Arbitrators Find Flaws in Mediation Process

Feb. 25, 2005 — The spread of mandatory arbitration to so many corners of consumer life has been good for Lucie Barron, CEO of Action Dispute Resolution Services Inc. in Los Angeles.

"There has been a phenomenal increase in this industry," said Barron, who owns one of the fastest growing arbitration and mediation companies in California.

The company tries 25 new cases a day, which are heard mostly by retired judges at a rate of $350 to $400 an hour. The fee is many times what the judges might have earned on the bench.

"You don't have to be a retired judge to be an arbitrator," said retired judge-turned-arbitrator Robert Thomas. "You can be anything."

Lack of Appeal Raises Concerns

Like most arbitrators, Thomas has faith in his own fairness. But he has doubts about a fundamental part of the arbitration process: lack of the right to appeal.

"I've had some tough cases where I kind of wish that maybe somebody would take another look at it," he said. "It's a big responsibility deciding these cases."

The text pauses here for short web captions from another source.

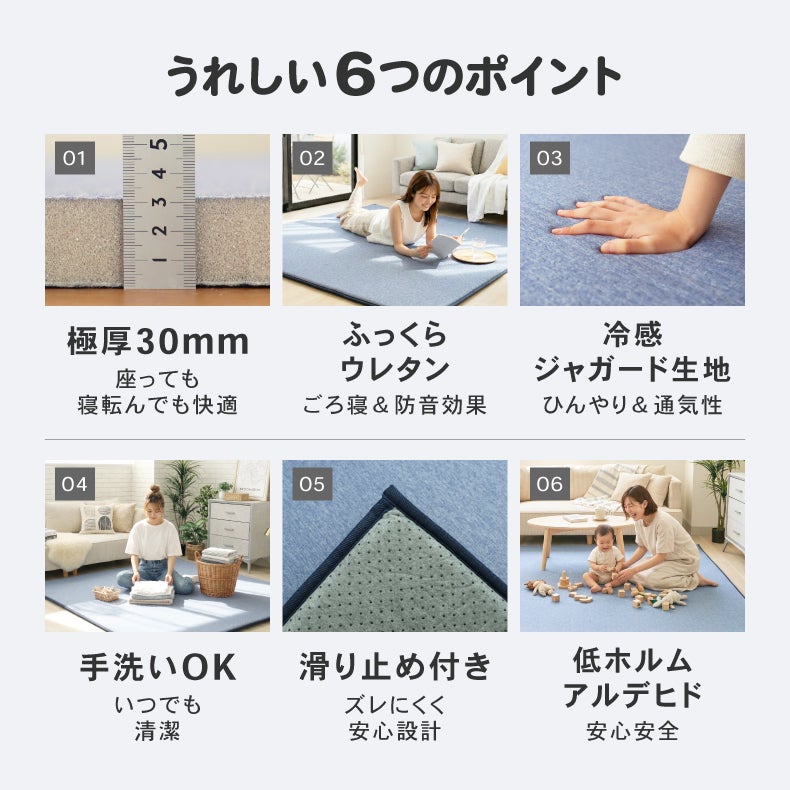 無地ラグ | 極厚冷感ラグ マナクールモダン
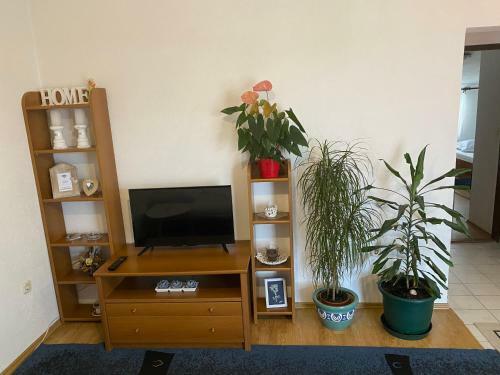 Apartamentos Ivo Prgomet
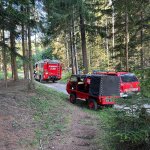 2024-06-28_waldbranduebung_007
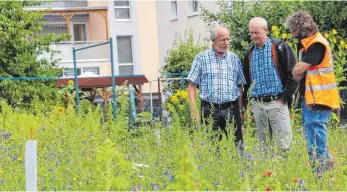  ?? FOTO: LARISSA SCHÜTZ ?? Otto Kapp und Reiner Hils (von rechts) begutachte­n die verschiede­nen Blumenmisc­hungen, die Helmut Koch (links) in seinem Garten probeweise angesät hat.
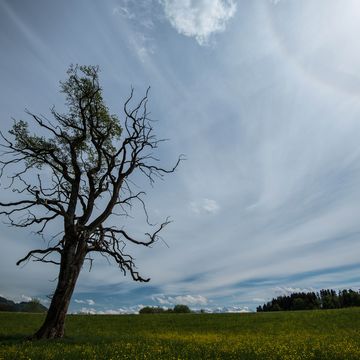 Baum ohne Blätter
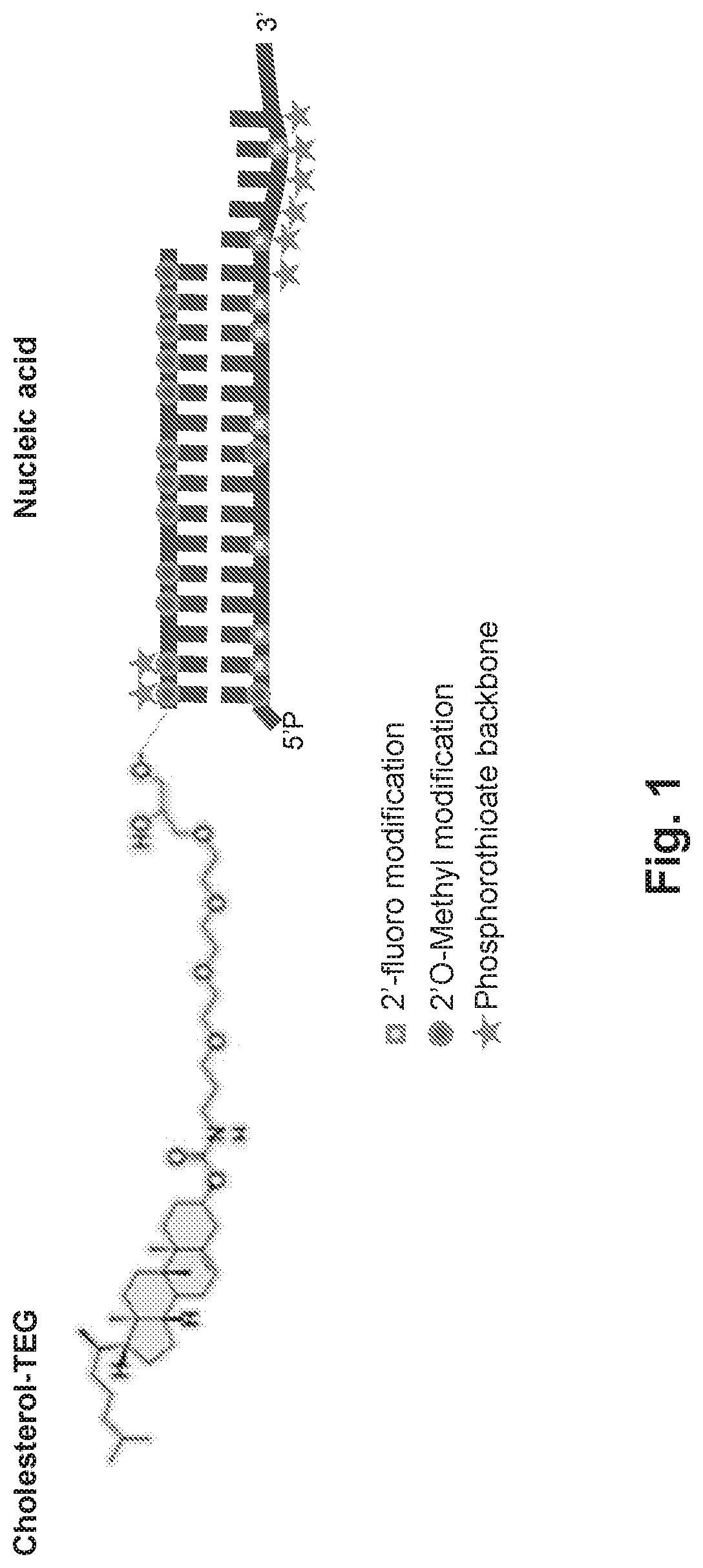 Treatment of CNS injury with RNAi therapeutics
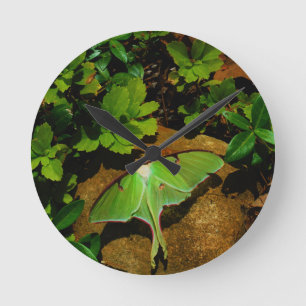 Horloge Ronde Mite de Luna verte géante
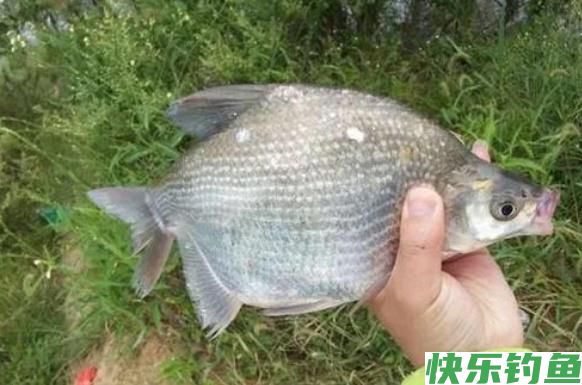 垂钓鳊鱼时，老钓手的这些小经验，钓友们不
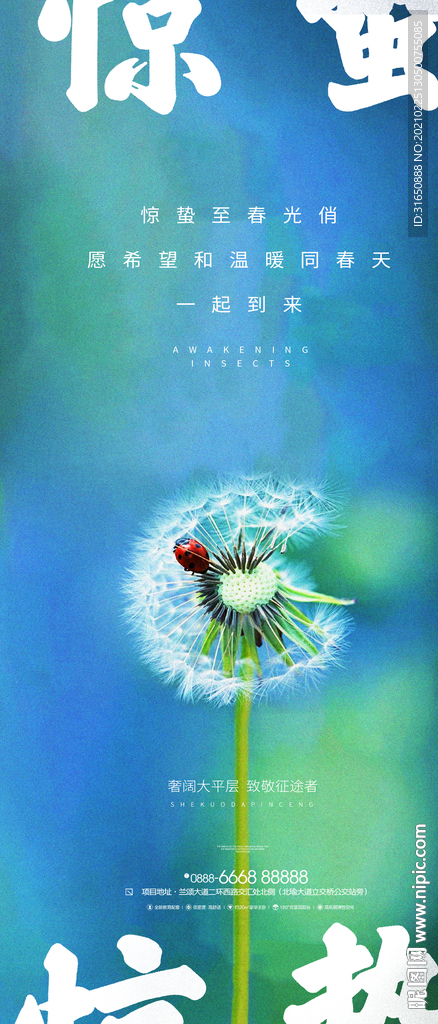 惊蛰
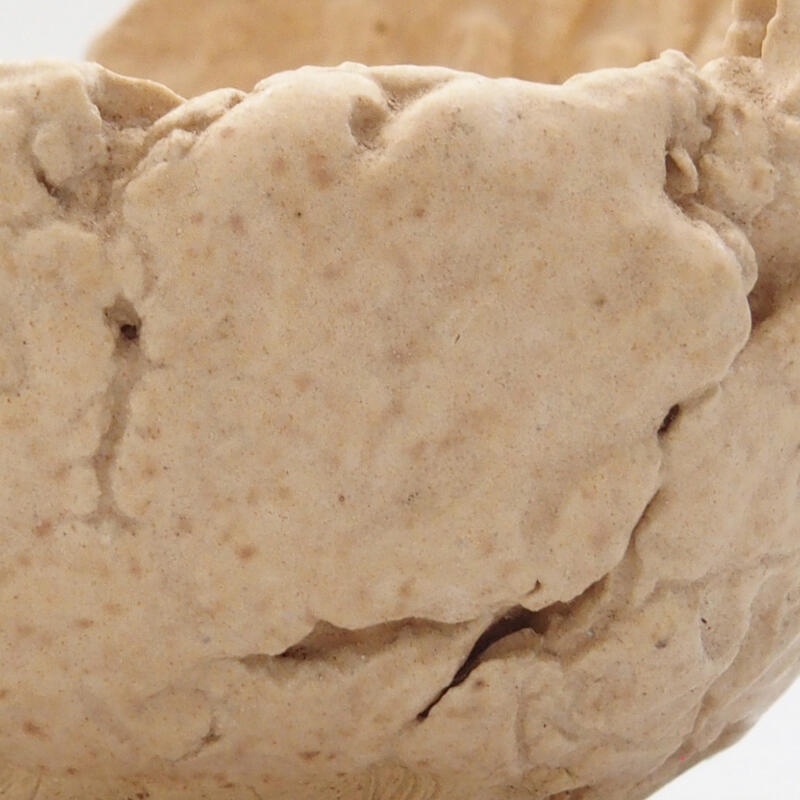 Keramisch Schelp 7 x 7 x 5,5 cm , kleur beige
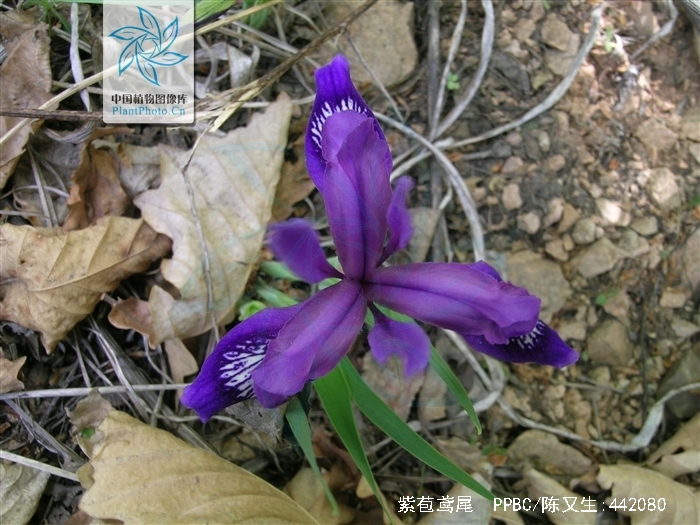  p>紫苞鸢尾(学名: i>iris ruthenica /i>  ker gawl.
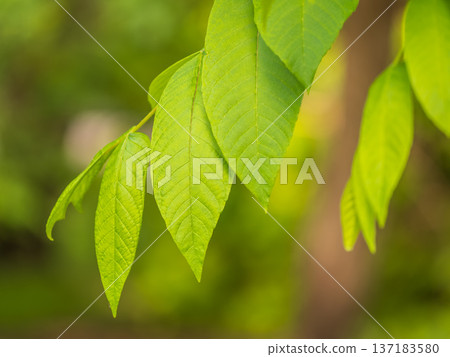Bright green Leaves of the Amur velvet, or Amur cork tree, lat. Phellodendron amurense Bright green Leaves of the Amur velvet, or Amur cork tree, lat. Phellodendron amurense 137183580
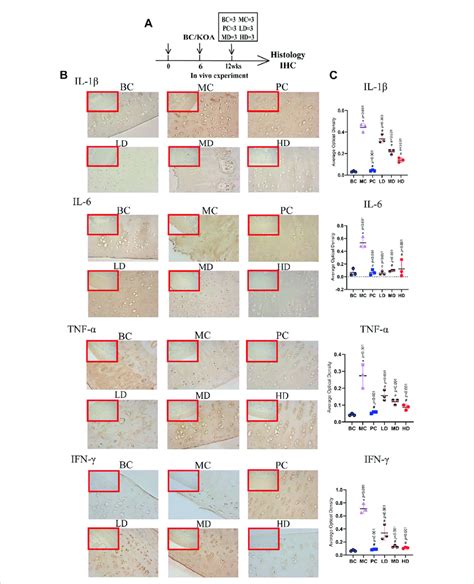 Immunohistochemistry Of Il 1β Il 6 Tnf α And Ifn γ A Experimental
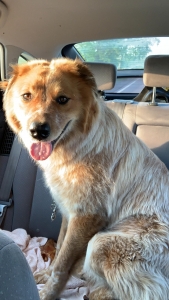 Golden Shepard  Listing Image
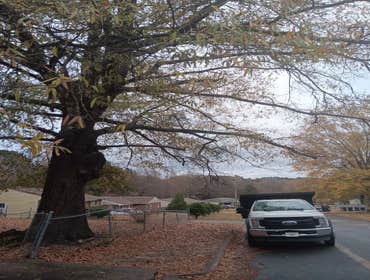 Flores Tree Services General & Landscaping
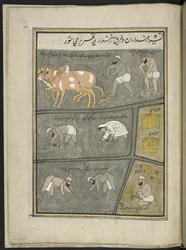 Ploughing; digging; transplanting paddy; harvesting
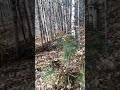 Ещё один день.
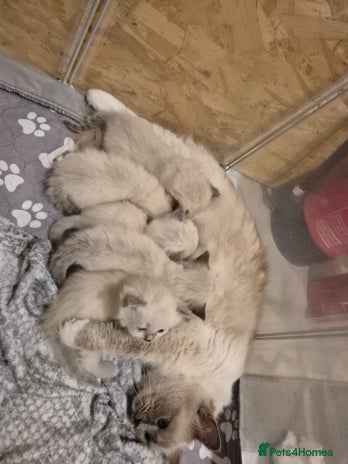 Ragdoll cats - Advert 3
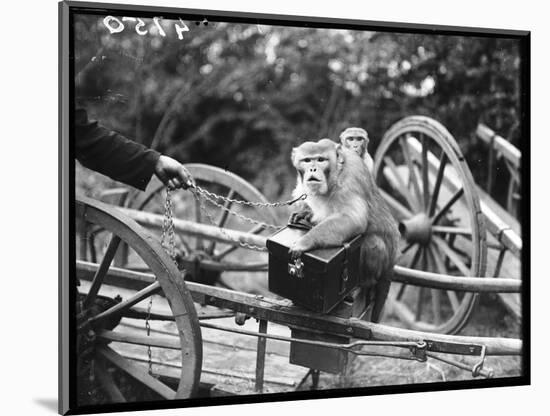 Touring Monkeys-null-Mounted Photographic Print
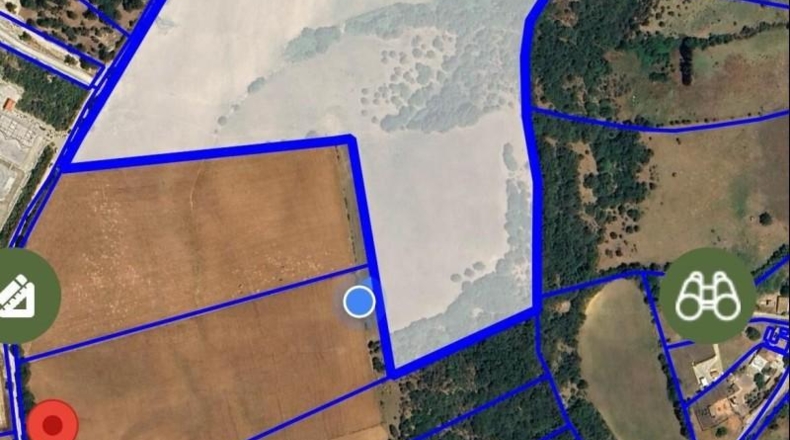 Кадис - Vejer de la Frontera - 80000m2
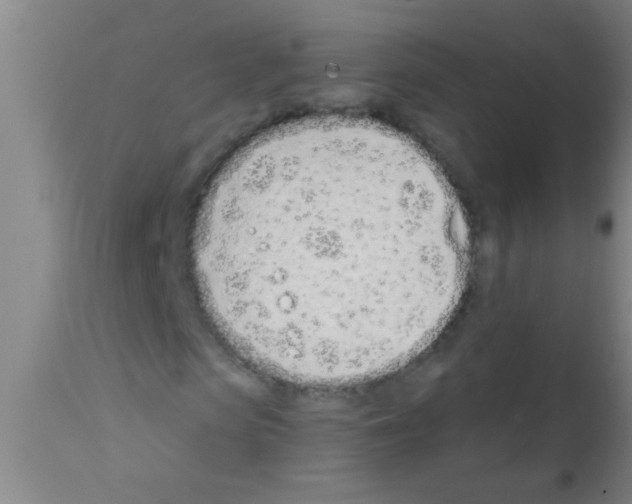 X0000113200913200910221036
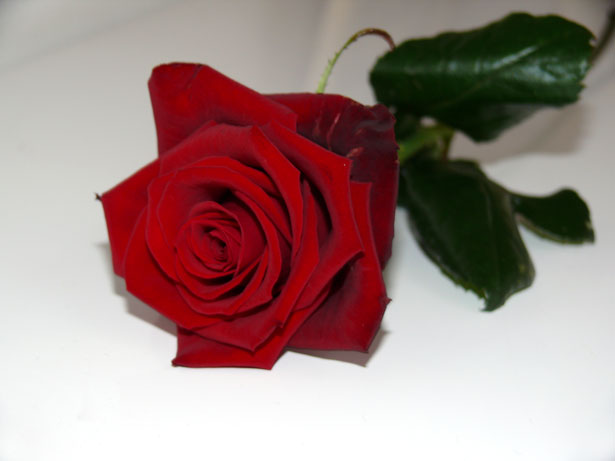 A Red Red Rose
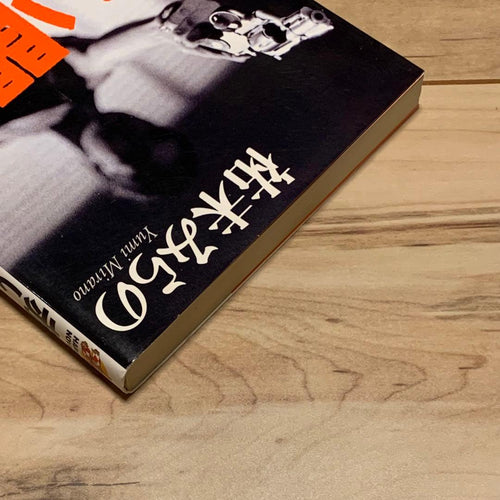 Literature Novel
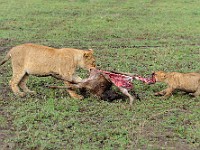 DSC 5665 : africa, animali, leone, tanzania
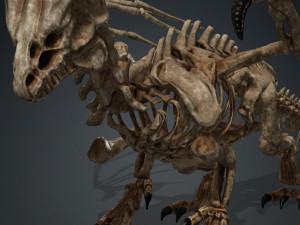 BONES FLYING DRAGON - ANIMATED DRAGON 3D Model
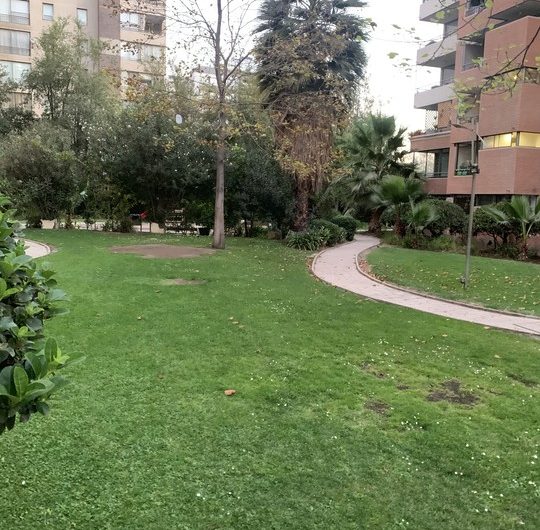 Se Arrienda Hermoso departamento en excelente zona de Ñuñoa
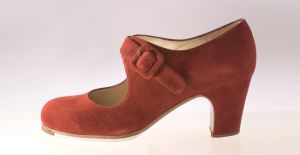 Flamenco shoes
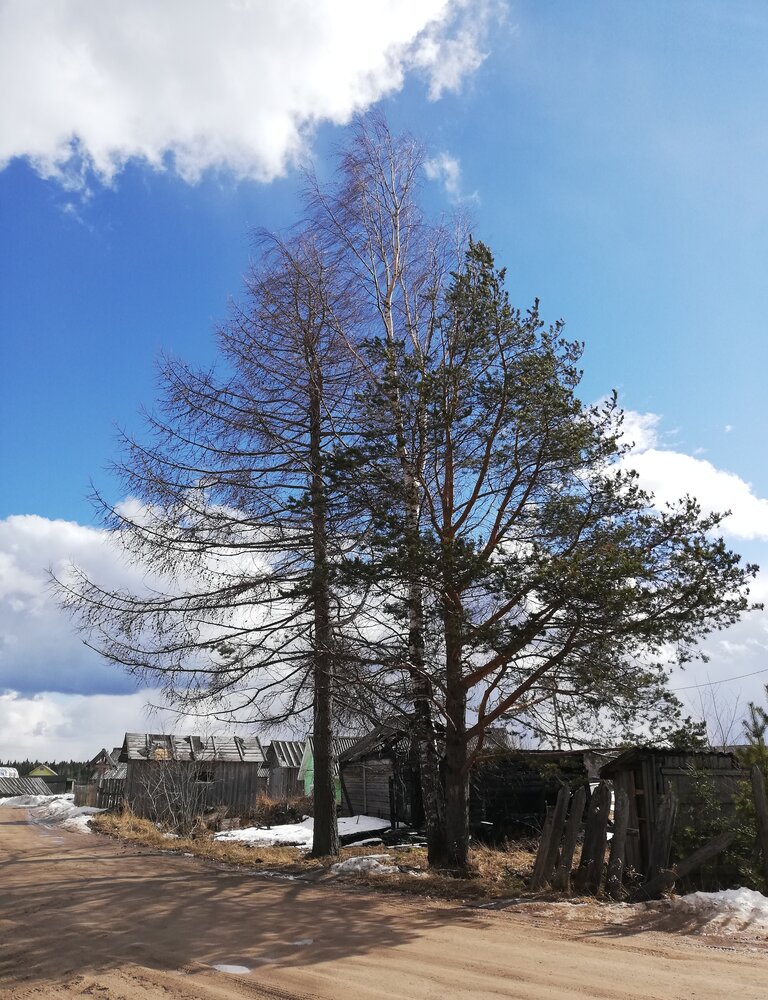 Photograph by Ульяна Кузьмина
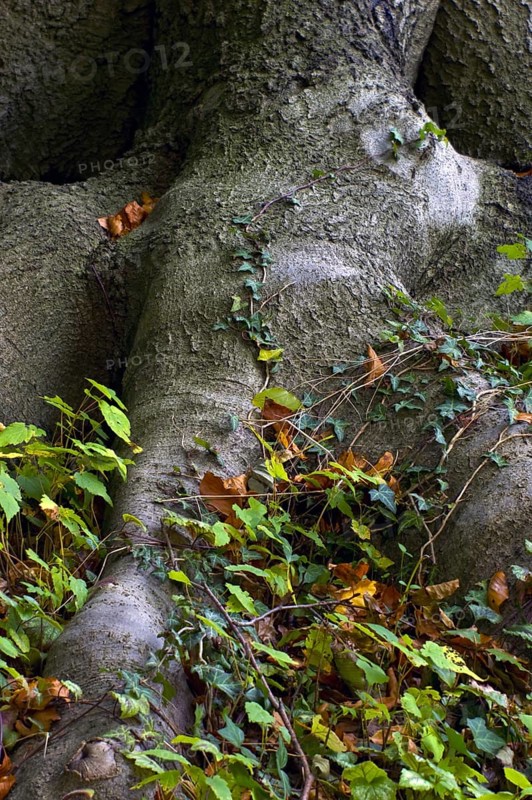 Beech forest in Knoops Park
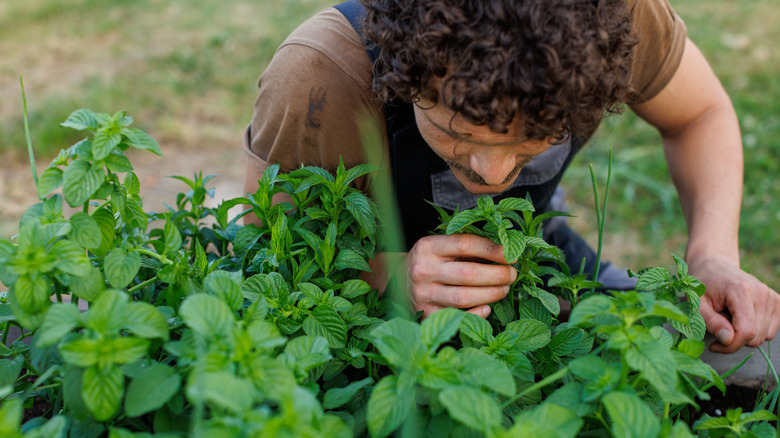 mint in the garden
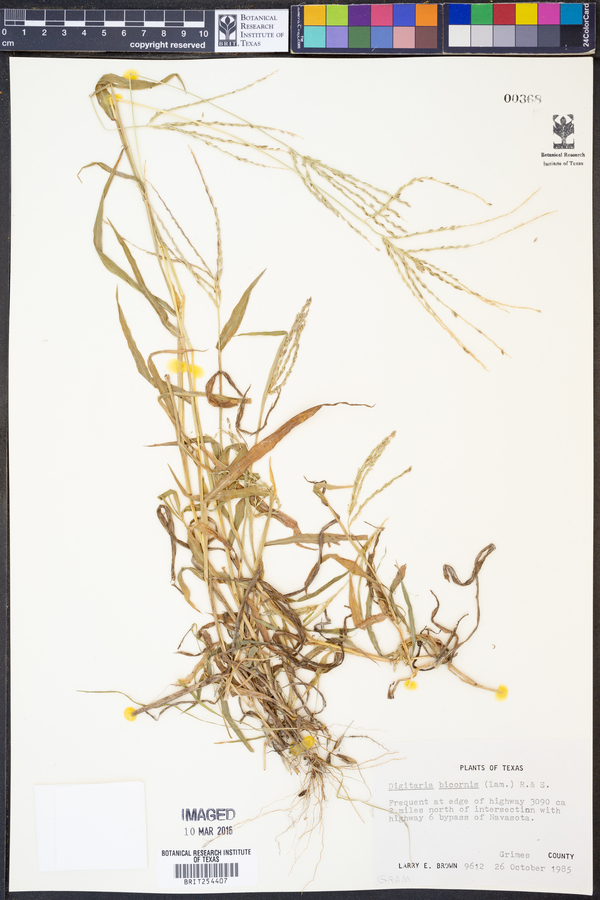 Digitaria bicornis image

Celeste Hammond, an arbitrator in business cases who is also a professor John Marshall Law School in Chicago, has serious reservations about the process.

"[Litigants are] giving up their right to a trial," she said. "They're giving up their right to an appeal."

Hammond said she's disturbed by the secrecy of the hearings. She says she learned only by chance that a lender accused in one of her cases of fleecing a customer had been accused many times of the same abuse.

"[The cases are] not open to the public," Hammond said. "They're not open to the press, and usually there is a confidentiality agreement between the parties not to disclose the outcome."

But Barron says arbitrators do not write the rule book: They only apply it.

"It's not really our decision to make," she said. "It's made by the courts and it's made by the legislature."

Nonetheless, until the law is changed, mandatory arbitration clauses are likely to appear in more of the contracts Americans sign.

ABC News' Betsy Stark filed this report for "World News Tonight."